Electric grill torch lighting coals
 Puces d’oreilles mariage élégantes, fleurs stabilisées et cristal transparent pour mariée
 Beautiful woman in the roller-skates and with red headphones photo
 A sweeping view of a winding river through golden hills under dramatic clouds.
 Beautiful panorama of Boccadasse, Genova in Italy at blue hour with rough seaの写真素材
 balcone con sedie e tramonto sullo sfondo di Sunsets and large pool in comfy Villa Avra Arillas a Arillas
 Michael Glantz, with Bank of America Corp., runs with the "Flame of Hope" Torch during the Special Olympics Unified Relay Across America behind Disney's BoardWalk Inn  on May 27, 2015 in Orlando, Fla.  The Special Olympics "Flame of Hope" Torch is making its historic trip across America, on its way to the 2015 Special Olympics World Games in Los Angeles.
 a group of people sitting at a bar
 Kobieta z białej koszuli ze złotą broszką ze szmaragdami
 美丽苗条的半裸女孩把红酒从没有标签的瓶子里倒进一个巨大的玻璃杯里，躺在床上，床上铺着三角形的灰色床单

• • • • •

Problem —
Each line from the first line of the listing through the line with "a group of people sitting at a bar" must be output exactly, both ends included, and no other line may appear.

Problem solution —
Electric grill torch lighting coals
 Puces d’oreilles mariage élégantes, fleurs stabilisées et cristal transparent pour mariée
 Beautiful woman in the roller-skates and with red headphones photo
 A sweeping view of a winding river through golden hills under dramatic clouds.
 Beautiful panorama of Boccadasse, Genova in Italy at blue hour with rough seaの写真素材
 balcone con sedie e tramonto sullo sfondo di Sunsets and large pool in comfy Villa Avra Arillas a Arillas
 Michael Glantz, with Bank of America Corp., runs with the "Flame of Hope" Torch during the Special Olympics Unified Relay Across America behind Disney's BoardWalk Inn  on May 27, 2015 in Orlando, Fla.  The Special Olympics "Flame of Hope" Torch is making its historic trip across America, on its way to the 2015 Special Olympics World Games in Los Angeles.
 a group of people sitting at a bar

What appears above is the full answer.